I'm going to be a bit crotchety and unpopular today. Sometimes there is just something that needs to be said out loud, even if it seems to go completely against current cultural practices. You ready?

You do not need to sign your child(ren) up for every activity out there. They do not need to play organized sports. You do not need to kill yourself driving children hither and yon, eating dinner in the car, and never having a real meal together or any real family time. Your children will not be ruined. They will still get into college. They will still be successful adults. It is okay to say no to something.

Now, before you bombard with me with how wonderful certain activities are and how much your children love them and how much they gain from them, let me just say, I know. I know that children can be enriched by outside activities and classes. I know they can gain beneficial skills by playing organized sports. I'm not saying you should never sign your child up for these things, I just want you to choose carefully.

Because the the truth is, your children can gain as many good things by having free time, by eating regular dinners at the table with their family and having real conversations, and not doing everything under the the sun. I think we often discount exactly how beneficial these things are. I mean, there is no one out there desiring your money for you eating dinner with your family. No one is getting a paycheck when you decide to not do something so your child can have some free time. And because no one's profit is on the line, there is no one out there implying what your child will miss by not doing these things.

Parents are an easy mark for fear-based marketing. We love our children and want the best for them. We want them to be successful. We want good things for them. This makes us susceptible to messages that imply we will be failures as parents if we don't do something. What parents need to realize that is that many of the sports and activities which they sign their children up for is first and foremost an economic transaction. As such, their claims of necessity are somewhat questionable.

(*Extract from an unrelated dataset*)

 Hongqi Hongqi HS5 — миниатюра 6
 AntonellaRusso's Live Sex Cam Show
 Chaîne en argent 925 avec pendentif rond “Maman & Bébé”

I am always surprised when I hear large numbers of parents complain about schedules... thing happening over dinner or during the time when the family attends their house of worship. I am surprised because it seems they have forgotten that they made this choice. It is possible to look at a schedule, realize it is not best for the family, and pass. Not only is it possible, it is okay. It is okay to decide that family events, dinner, church, etc. come first.

You do not have to make yourself crazy driving your children to things. Pick one activity, have one crazy evening if you must (this is actually what we do), but make the rest sane. The research is overwhelming that children who eat dinner with their family regularly fare much better as a whole than their peers who don't. I would also say that children who have free time, who can day dream and pursue their own interests, who have time to breath, will also be emotionally healthier, as will their parents. Emotionally healthy parents are good for their children.

If you find yourself overwhelmed by your family's schedule, take it back. Don't do things. Give yourself and your family some much needed margin.

Comments

Anonymous said…
What a great post! I completely agree. My 4 did not attend preschool and only had 1 activity at a time. Some thought that was odd but the free time was great for everyone. I believe it’s why all of us get along so well. They all graduated college and are well adjusted, independent and employed adults. They didn’t suffer from not having full schedules.